In this example, we first call mlir_aie_mem_alloc to allocate a region of DDR memory with a given offset and size and return a virtual address pointer. Then, in the mlir_aie_external_set_addr_<bufname>(virtual_addr), we pass in the virtual address to MLIR defined external buffer.

Note that the <bufname> used here is the sym_name defined in the MLIR code.

Finally, the mlir_aie_configure_shimdma_<location>() is called to configure the shim_dma given the shim DMA operators in MLIR and the virtual address defined at runtime in the host code.
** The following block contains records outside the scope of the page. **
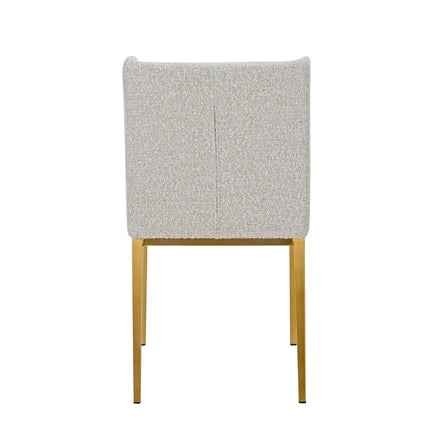 Mimi - Modern Light Grey Fabric + Antique Brass Dining Chair (Set of 2) - image 2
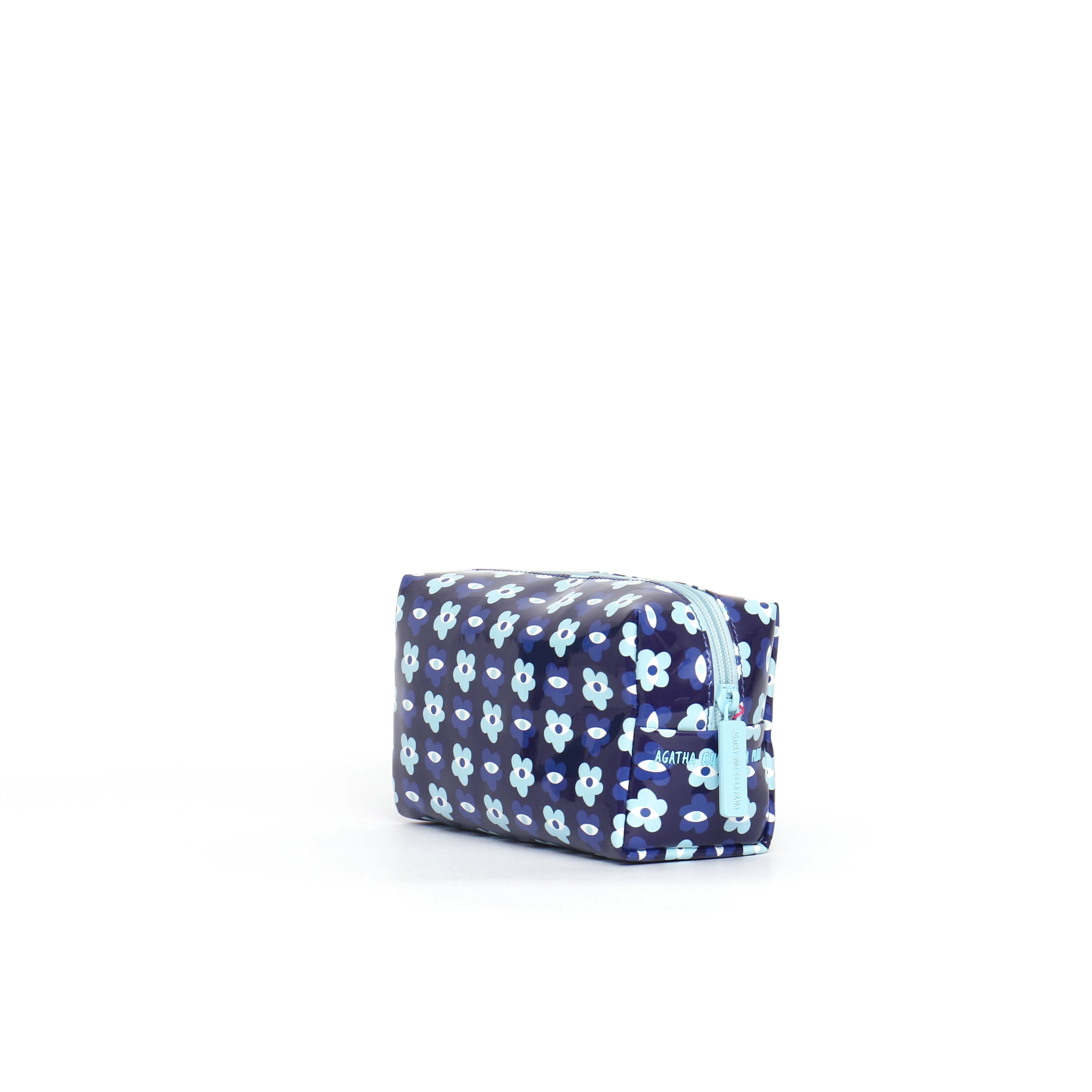 SMALL BLUE PRINTED TOILETRY BAG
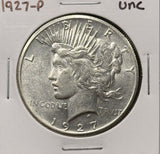 1927-P Peace Silver Dollar, Nice Uncirculated, White. (27674)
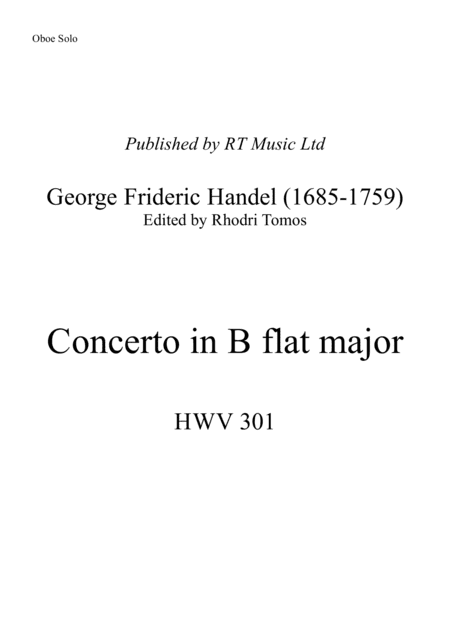 Handel HWV301 Concerto in Bb major - solo sheet music (arr. Rhodri Tomos)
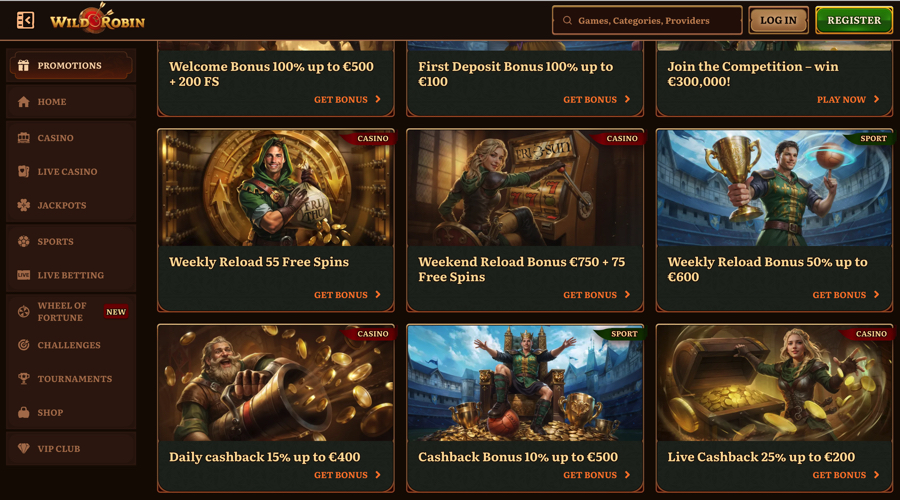 Wild Robin Deposit + Cashback Bonuses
The <location> refers to the shim DMA defined in MLIR and is the concatenation of the column-row number, in this case column 7, row 0 or 70.

Once these three functions are called, the shim DMA is configured properly with the runtime allocated memory region in DDR. Since the common use of shim_dma requires timing synchronization to start a transaction, we often use locks to do this just as we did in the tile DMA example. Here, we can acquire and release locks in the shim_dma using the following access functions:

mlir_aie_acquire_<sym_name>_lock(_xaie, 1, 100);
mlir_aie_release_<sym_name_lock(_xaie, 0, 100);

The <sym_name> used here is the same sym_name of the external buffer. The first argument is the lock value (0,1) and the second argument is the timeout duration in microseconds.

Tutorial 5 Lab

  1. Read through the aie.mlir design. How many external buffers are defined and which direction are they?

External buffers on their own cannot give any indication as to what they are used for but we can figure this out based on the bd description that the buffer is used in. For example, ext_buf70_in is defined in bd1 which is itself defined for dma_start("MM2S") which tells us this is a MM2S connection.

Note that MM2S means memory map to stream. In this case, the MM is the external buffer side (e.g. DDR) and the stream is the AIE array side. So we are moving data from the external buffer to the AIE array. This is kind of the opposite to the tile DMA case where MM2S would be moving data from local memory to the stream which would be writing data out from the perspective of the AIE core.

  1. Add a second read and write channel to the single shim_dma (tile(7,0)) that moves data to and from another tile. That tile can have the same function as the existing tile.

  2. Can we add a third read or write channel to our shim_dma?

  3. Change the design so that the external buffer acts like a ping-pong buffer.